Im Kanton Tessin wurde nach einer Sitzung der Verantwortlichen eine Hotline eingerichtet. Die Behörden von mehreren Kantonen wiesen darauf hin, dass Missbräuche bestraft würden. Es sei jetzt nicht der Zeitpunkt für Juxsendungen.

Die Post hat am Dienstag aufgrund der Verunsicherung alle Poststellen informiert, wie Post-Sprecher Hubert Staffelbach eine Meldung von Schweizer Radio DRS bestätigte. Verdächtige Sendungen dürften nicht weiter verarbeitet werden. Es sei Kontakt mit der postinternen Sicherheits-Stelle aufzunehmen.

Nachahmungs-Taten

Es müsse von Nachahmungs-Taten ausgegangen werden, sagte Hansueli Indermühle vom AC-Labor Spiez (BE) in einem Interview mit der «Berner Zeitung». Indermühle geht davon davon aus, dass sich der Verdacht auf Milzbrand-Bakterien nicht erhärten werde. Jeder einzelne Verdacht müsse jedoch ernst genommen werden, betonten BAG-Sprecher Lorenz Hess und Indermühle.

In Basel hatte der Pharma-Konzern Novartis letzten Dienstag einen Brief mit verdächtigem Inhalt erhalten. Zudem wurde die Basler Polizei am Montag alarmiert, weil ein Brief mit einer undefinierbaren Substanz an einen Privat-Haushalt geschickt worden war.

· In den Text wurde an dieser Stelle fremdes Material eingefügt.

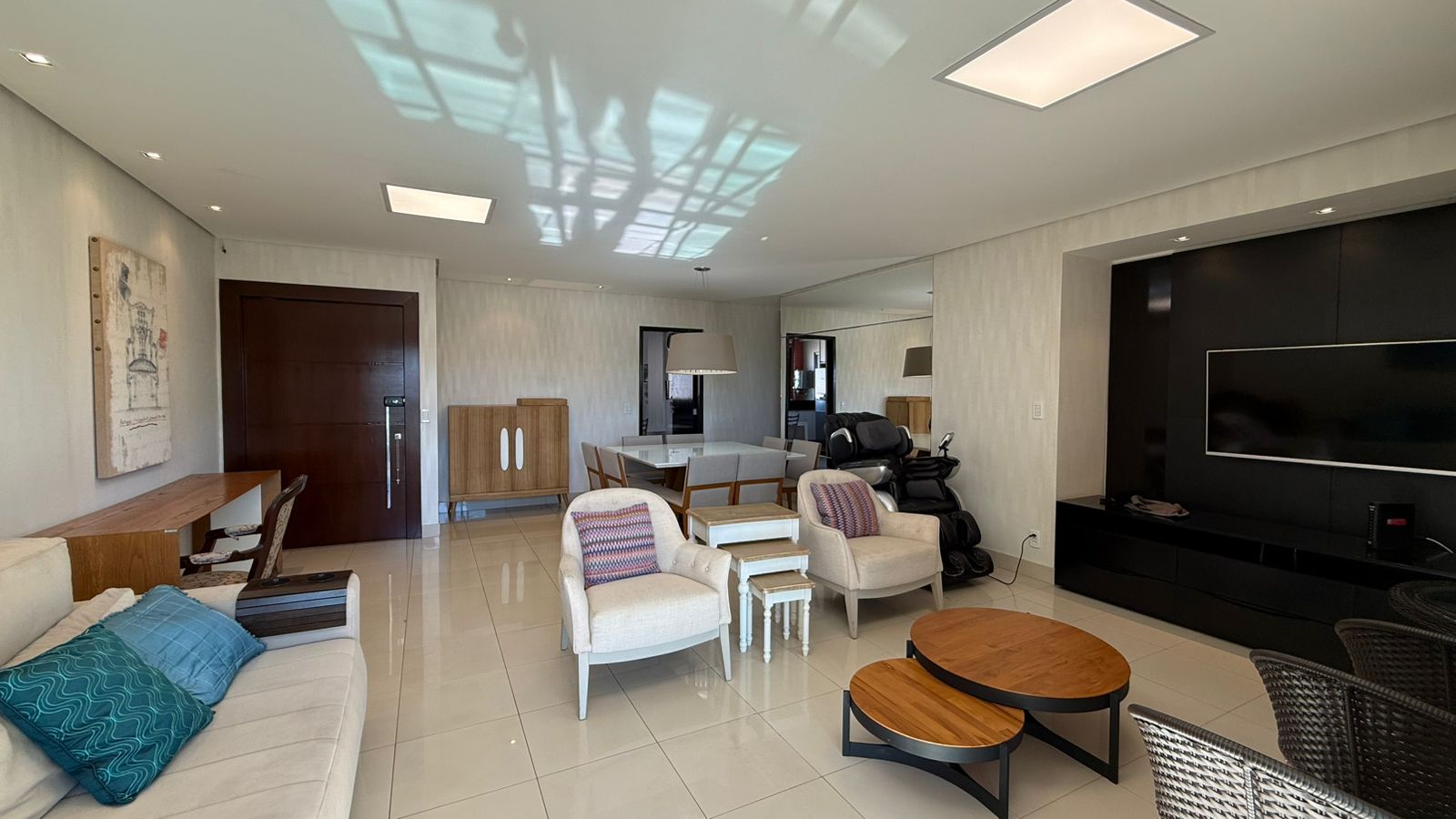 Apartamento, 3 quartos, 159 m² - Foto 1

Weil es in der Schweiz noch kein standardisiertes Testverfahren gebe, dauere es drei Tage, bis Milzbrand-Bakterien nachgewiesen werden könnten, sagte Paul Vogt, Stellvertretender Kantonsarzt von Basel.

Verdächtige Substanzen fest verschliessen

Das Bundesamt für Gesundheit (BAG) warnt auf seiner Internetseite vor Panik. Wer eine verdächtige Substanz erhält, soll diese in einem verschliessbaren Behältnis aufbewahren, den Raum verlassen, Fenster und Türen geschlossen halten und andere am Betreten des Raums hindern.

Die betroffene Person soll sich die Hände mit Wasser und Seife waschen. Anschliessend soll der nächste Polizeiposten informiert werden.